▶ [Records supplied]
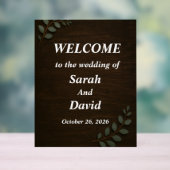 Rustic Wood Wedding Welcome Sign with Eucalyptus L アクリルサイン (ニュートラル)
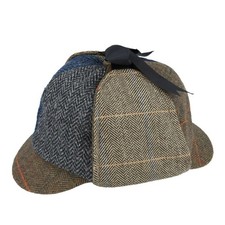Sherlock Holmes Deerstalker Hat Tweed Herringbone Cap Unisex Vintage Style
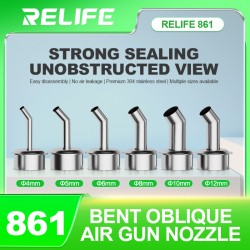 RELIFE 861 Series 45° Angled Hot Air Gun Nozzles 4/5/6/8/10/12mm Rust-Proof Tips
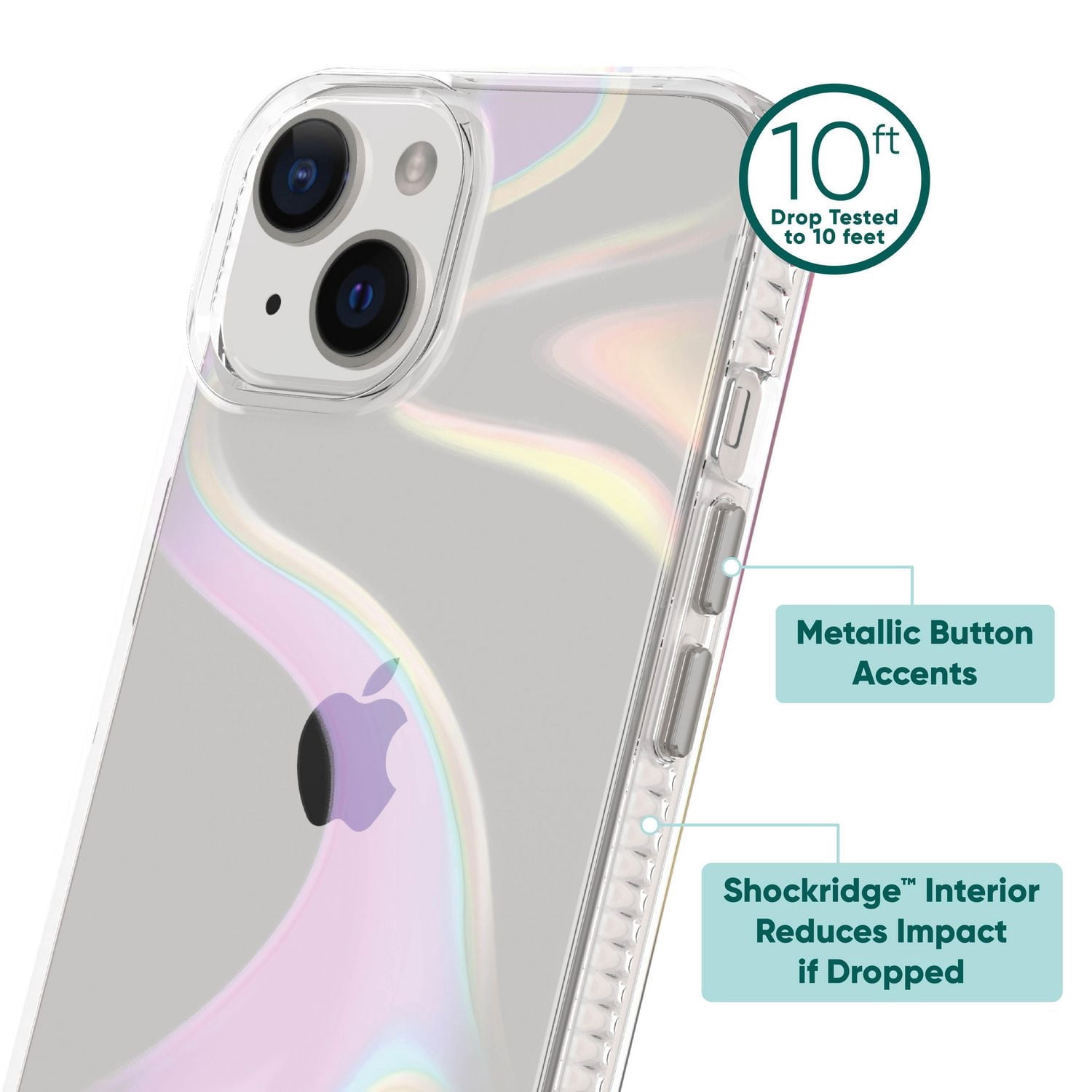 Coque de téléphone Iridescent Illusion Fashion pour iPhone 16e / iPhone 15 / iPhone 14 / iPhone 13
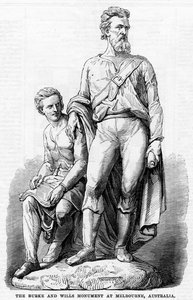 O monumento de Burke e Wills em Melbourne, Austrália, 1865 de Unbekannt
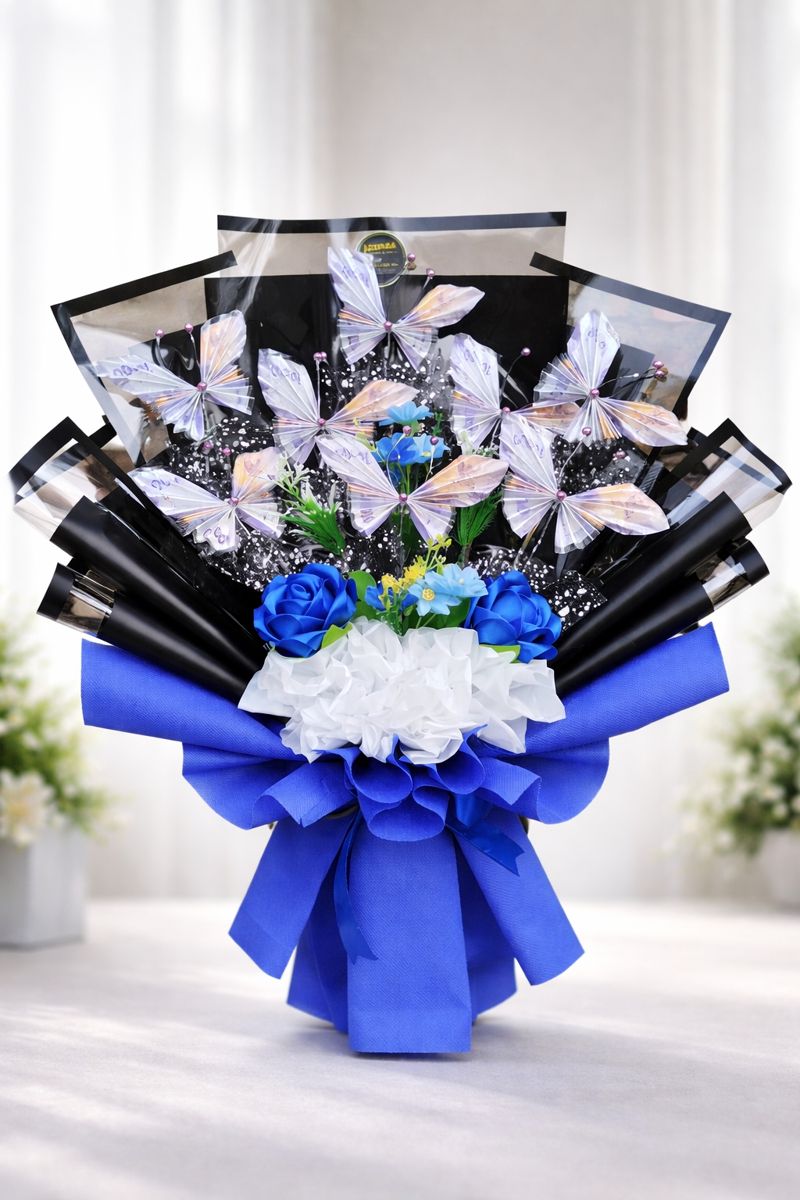 Creative Money Bouquet with Blue Roses & Butterfly Design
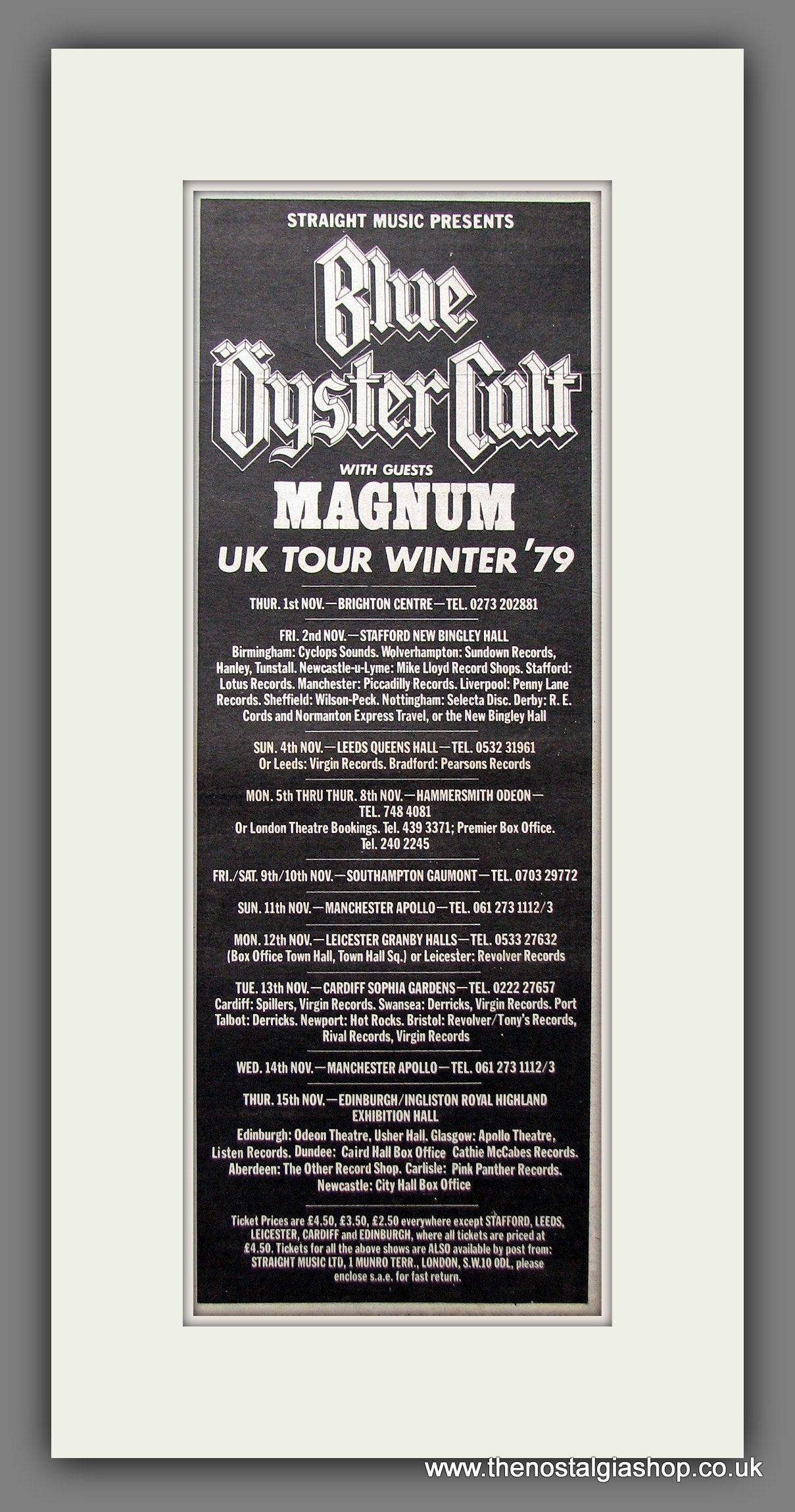 Blue Oyster Cult. UK Tour with Magnum. Original Advert 1979 (ref AD200189)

▶ [Assignment] Would you return the whole listing above exactly as written, skipping any image?

▶ [The answer]
 Rustic Wood Wedding Welcome Sign with Eucalyptus L アクリルサイン (ニュートラル)
Sherlock Holmes Deerstalker Hat Tweed Herringbone Cap Unisex Vintage Style
 RELIFE 861 Series 45° Angled Hot Air Gun Nozzles 4/5/6/8/10/12mm Rust-Proof Tips
 Coque de téléphone Iridescent Illusion Fashion pour iPhone 16e / iPhone 15 / iPhone 14 / iPhone 13
 O monumento de Burke e Wills em Melbourne, Austrália, 1865 de Unbekannt
 Creative Money Bouquet with Blue Roses & Butterfly Design
 Blue Oyster Cult. UK Tour with Magnum. Original Advert 1979 (ref AD200189)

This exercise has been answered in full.